Akhir-akhir ini tengah ramai berita mengenai, Wakil Menteri Pendidikan Tinggi, Sains, dan Teknologi, Stella Christie, yang menunggah video di kanal youtubenya memberikan motivasi dan strategi dalam mendaftar S1 di luar negeri. Meskipun hal ini tampaknya merupakan perhatian yang baik dari menteri kita terhadap para pelajar di Indonesia, pada situasi pendidikan Indonesia saat ini, tindakannya dapat disalahartikan sebagai perbuatan yang insensitif.

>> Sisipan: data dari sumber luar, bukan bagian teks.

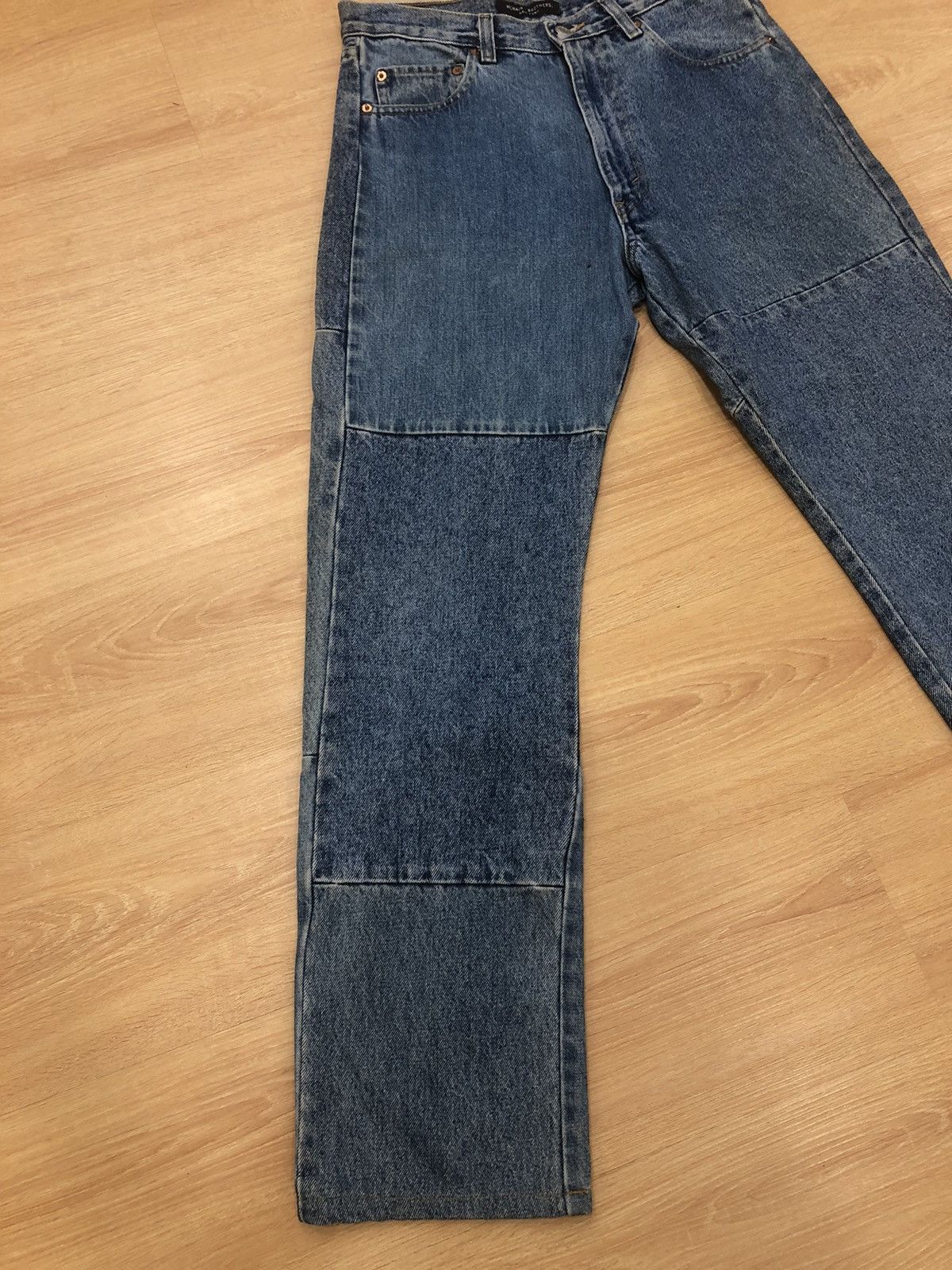 Japanese Brand Mcnairy Brothers Distressed Jeans Patchwork Denim Size US 30 / EU 46 - 3 Thumbnail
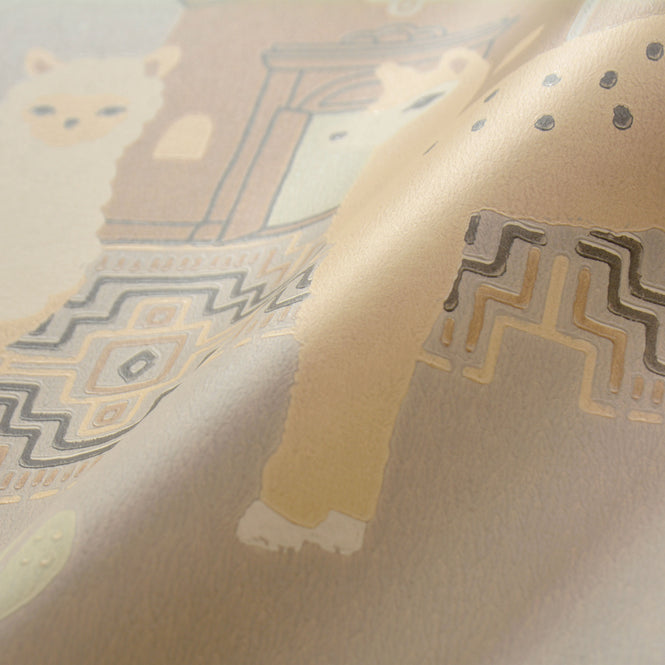 輸入壁紙 Majvillan / the Poetry collection / Lama Village soft grey 143-01
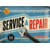 plaque métal garage service repair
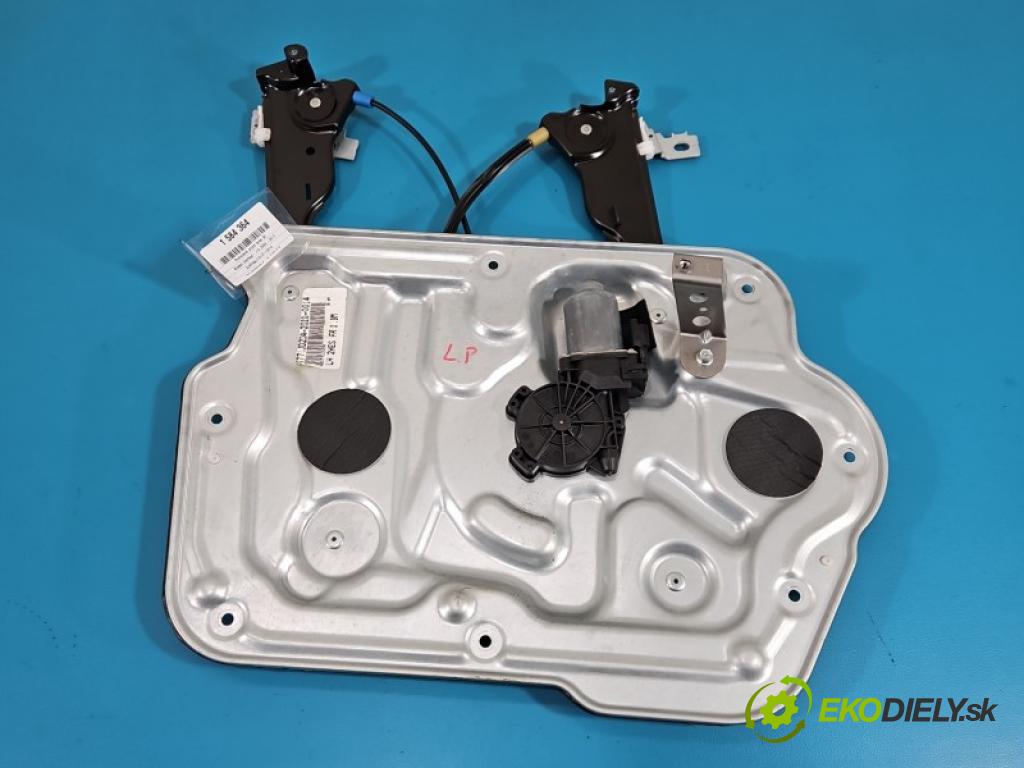 Nissan Qashqai I J10 2006-2013 1.6 16V 114 hp manual 84 kW 1598 cm3 5- mechanismus stahování přední levý 80771JD20A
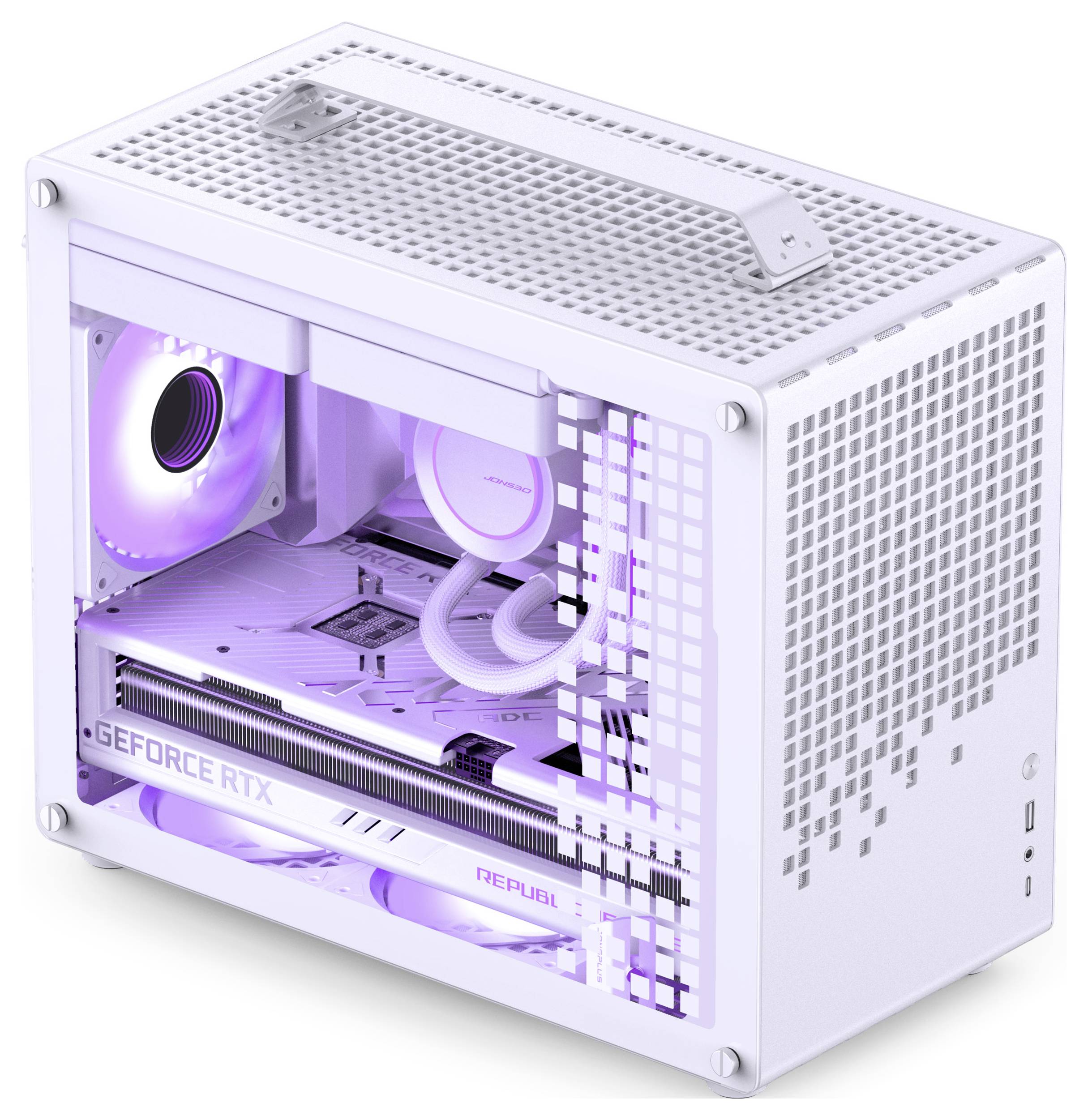 Jonsbo Z20 Micro-tower Behuizing, Gaming-behuizing, PC-behuizing Wit-3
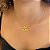 Colar Personalizado 2 Nomes Folheado a Ouro 18K - Imagem 1
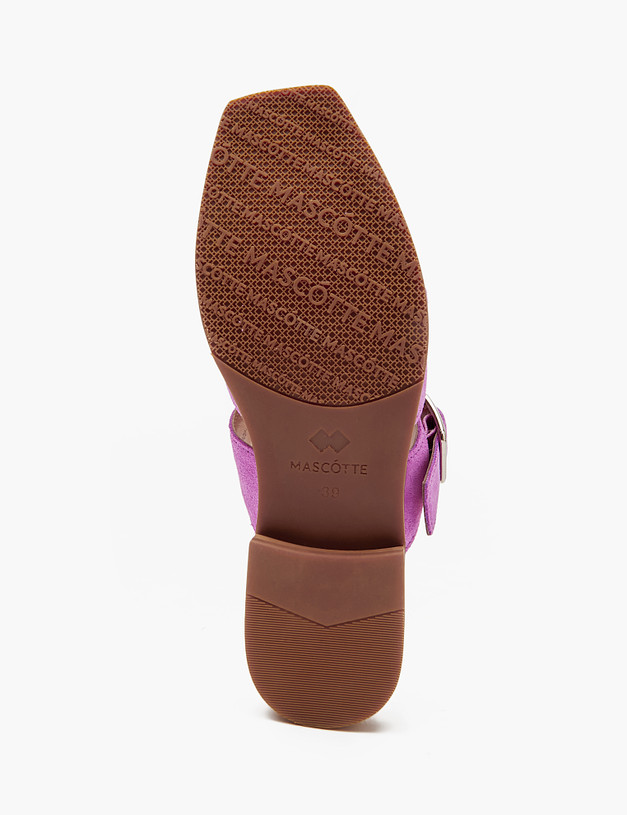 Фиолетовые женские сабо из велюра MASCOTTE 22-4121013-0207 | ракурс 5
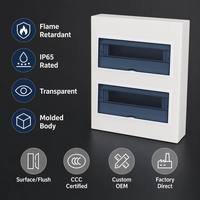 Boîtier MCB personnalisé Wanbo-392, fabrication OEM chinoise, boîtier de jonction encastré pour panneau de commande étanche et boîtier DB solaire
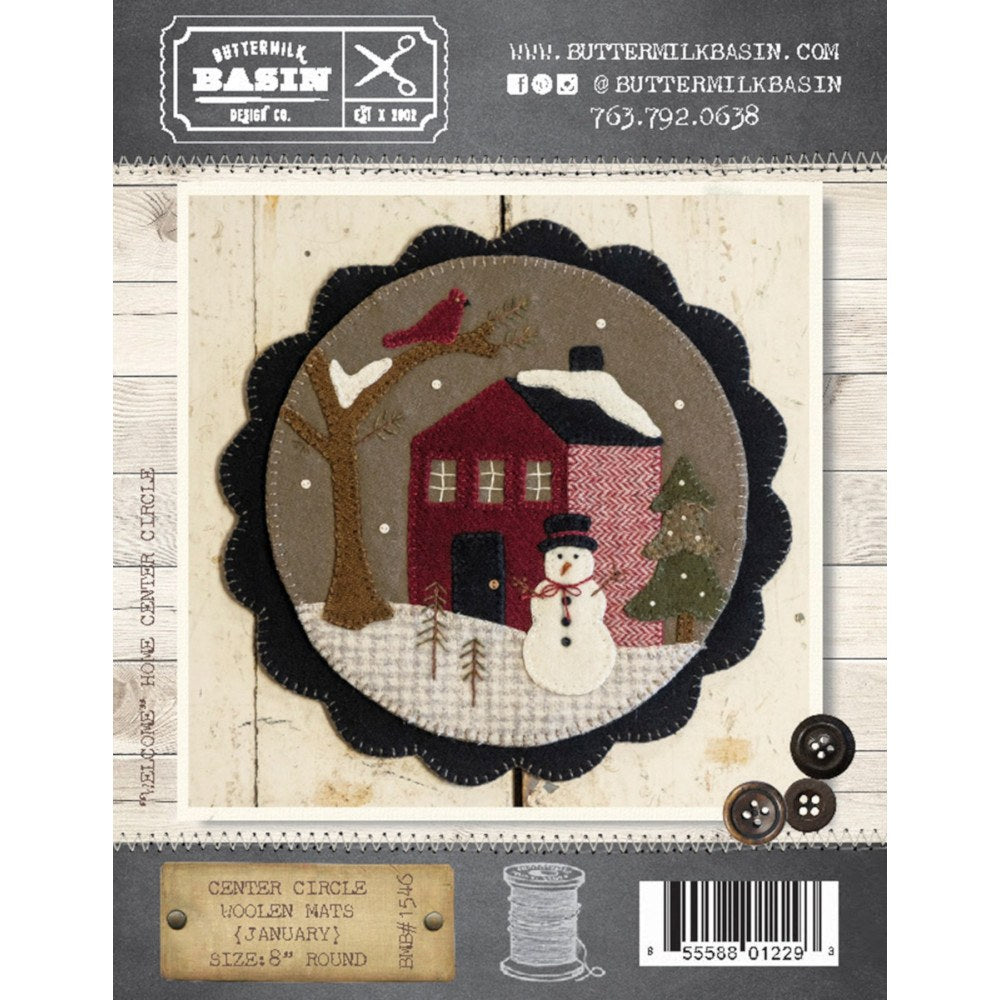 Center Circle Woolen Mats BOM image # 56953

Kita semua tahu bahwa berkuliah di luar negeri memang memiliki keuntungannya tersendiri, mulai dari reputasi PTLN (Perguruan Tinggi Luar Negeri) yang sudah dikenal di mancah dunia sampai kurikulum dan tenaga pendidiknya yang luar biasa. Namun, bagi seorang wakil menteri untuk membuat video khusus berisi motivasi dan strategi berkuliah di PTLN, menimbulkan reaksi yang cukup keras dari masyarakat. Masyarakat mengatakan bahwa pemerintah seharusnya fokus meningkatkan kualitas pendidikan dan universitas di Indonesia agar dapat berkompetisi dengan PTLN. Masyarakat mulai mengungkit bagaimana background pendidikan Stella Christie yang berasal dari luar negeri ini membuatnya buta terhadap permasalahan di Tanah Air. Hal ini menimbulkan berbagai pertanyaan, seberapa peka-kah pemerintah terhadap realitas pendidikan di Indonesia dan kebutuhan masyarakat akan pendidikan di Indonesia?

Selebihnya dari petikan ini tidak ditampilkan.